自分のコンプレックスである、必要以上な撫で肩をジャケット越しに少し擦った。

彼は俺と目が合うと微笑んだ。

酷く、その笑顔が透明に見えた。

「どうも。私、弁護士のさかきと申します」

金属音を立てて軋む椅子から立ち上がって頭を下げてから、名刺入れを懐から出した。
目の前のアクリルの壁に名刺を一枚押し付けて、彼によく見えるよう提示した。

部屋の中には、俺とこの男…
被疑者、新居 和之にい かずゆきしかいない。

留置場の接見室は、秘密交通権が認められているため、警察官等の立会はない。

「どうも…新居です」

ぺこりと頭を下げると、彼は椅子に座った。
ギシリと金属の軋む音が響いた。

「あなたのご両親より依頼を受けて、本日からあなたの弁護を担当することになりました。よろしくお願いいたします」
「…よろしく。榊先生」

少し高い甘めの声で言うと、にこりと微笑む。


…本当にこの男が…?


俺も椅子に腰掛けるとジャケットを脱いで背もたれに掛けた。
シャツの袖ボタンを外し、袖を折り曲げてまくりあげた。
それから、手の下にハンカチを敷いてシャーペンを握った。
広げてあるノートから目を上げ、彼の顔を再度見つめた。

「では…お話を聞かせてください…包み隠さず。いいですね?」
「はい」


事件は、一週間前に起こった。

新居が住居の最寄りの警察署に自首して、事件は発覚した。
彼は「恋人を殺してしまった」と自白した。

警官が現場に急行すると、見つかったのは絞殺死体だった。

男の名前は、岡野 護おかの まもる

彼が、新居の恋人だった。

痴情のもつれ───
新居は、そう殺した動機を説明した。

警察の取り調べでは、新居は素直に動機やら話しているそうだから、この事件はそんなに揉めることなく行くだろう。
だが、新居の両親は「少しでも減刑を」と願っており、俺の所属する事務所に弁護を依頼してきた。
ちょうどポッカリと予定の空いていた俺が、刑事事件は専門ではないんだが何事も経験だと、ボス弁から担当に指名された。

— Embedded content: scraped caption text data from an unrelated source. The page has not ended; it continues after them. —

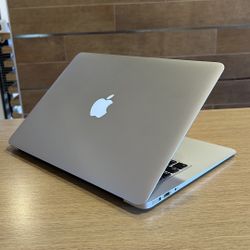 Apple MacBook Air 13” i5/4GB/256GB SSD $180 
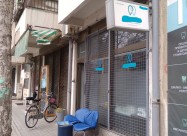 СЕ ПРОДАВА ДУЌАН ПОЗАДИ УНИВЕРЗАЛНА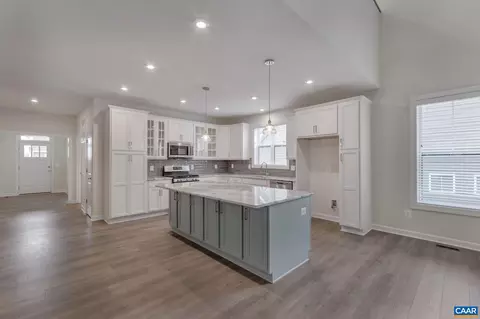 19 Pine Shadow Ct, Troy, VA 22974 photo 10
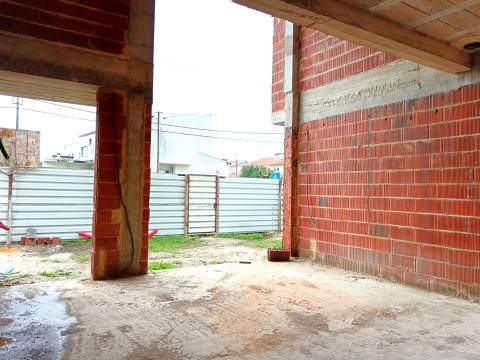 Magnífica moradia T4 em construção, res do chão,1º andar, isolada no Centro de Vagos.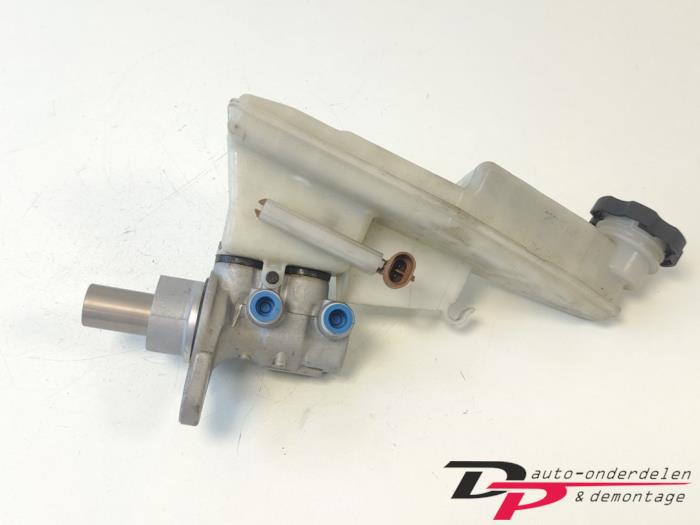 Gebruikte Hoofdremcilinder Opel Astra K 1.6 CDTI 110 16V Prijs € 30,00 Margeregeling aangeboden door DP Auto-onderdelen & Demontage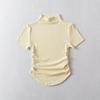 Camiseta de manga corta con cuello vertical estilo europeo y americano para mujer, verano 2023, corte entallado, dobladillo irregular, arrugado y corta.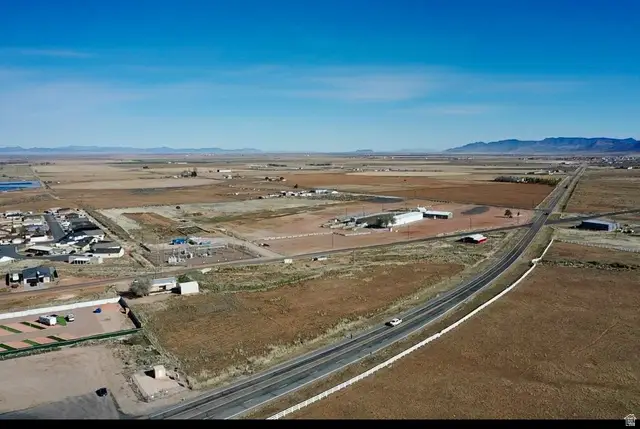 925 E Main St #4, Enterprise, UT 84725 - #1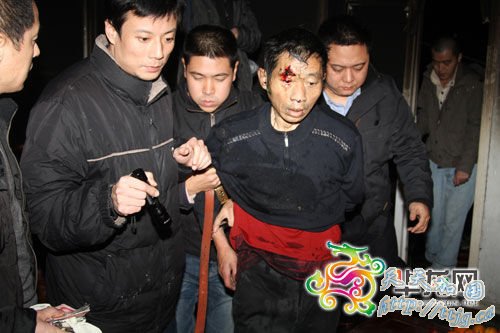 С�������ֳ�����Ůʬ �ӷ�������28¥��̨��(ͼ)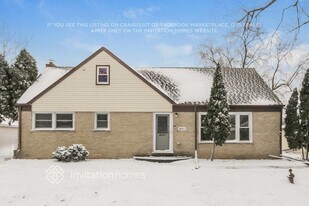 4N157 7th Ave in Addison, IL - Building Photo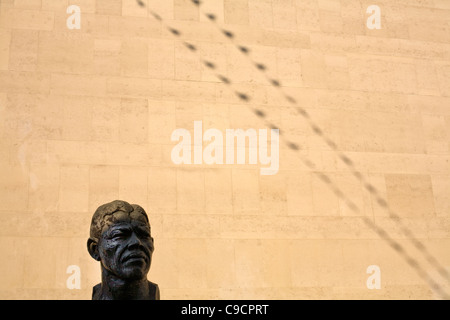 Eine Statue von Nelson Mandela befindet sich auf der ersten äußeren Ebene der Royal Festival Hall auf der South Bank, London UK Stockfoto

小さい事務所だから、なんでもできないといけないし…。
踏ん張ってなんとかこの事件をやりきろうと、下調べから入念にしてここまでやってきた。


「…痴情のもつれと言っても、いろいろあります」

弁護のいとぐちを探そうと、少し踏み込んだ。

「その状況を、説明していただけませんか?」
「…榊先生…?」
「はい」
「気持ち悪くないの?」
「は?」
「だって、俺、同性愛者だよ?こんなのの弁護なんて引き受けて気持ち悪くないの?…免疫、あるの?」

最後の言葉は、心底俺のことを心配しているように聞こえた。
気の毒そうに俺の顔を覗き込んでくる目は、ちょっと潤んで子犬のようだった。

「…人の性癖を云々言えるほど、私は立派な人間じゃないですからね…」
「ええ…?でも弁護士先生でしょ。立派じゃん」

ころころと笑いだした。

「あなたみたいな若くて立派な弁護士先生に、俺の弁護してもらうのなんて申し訳ないよ…」
「…仕事なんで…」
「え?」
「新居さんのご両親から、もう手付金も頂いております。これは仕事なんで、僕の好悪なんて関係ありませんよ」

そう言い切ると、新居は目を丸くした。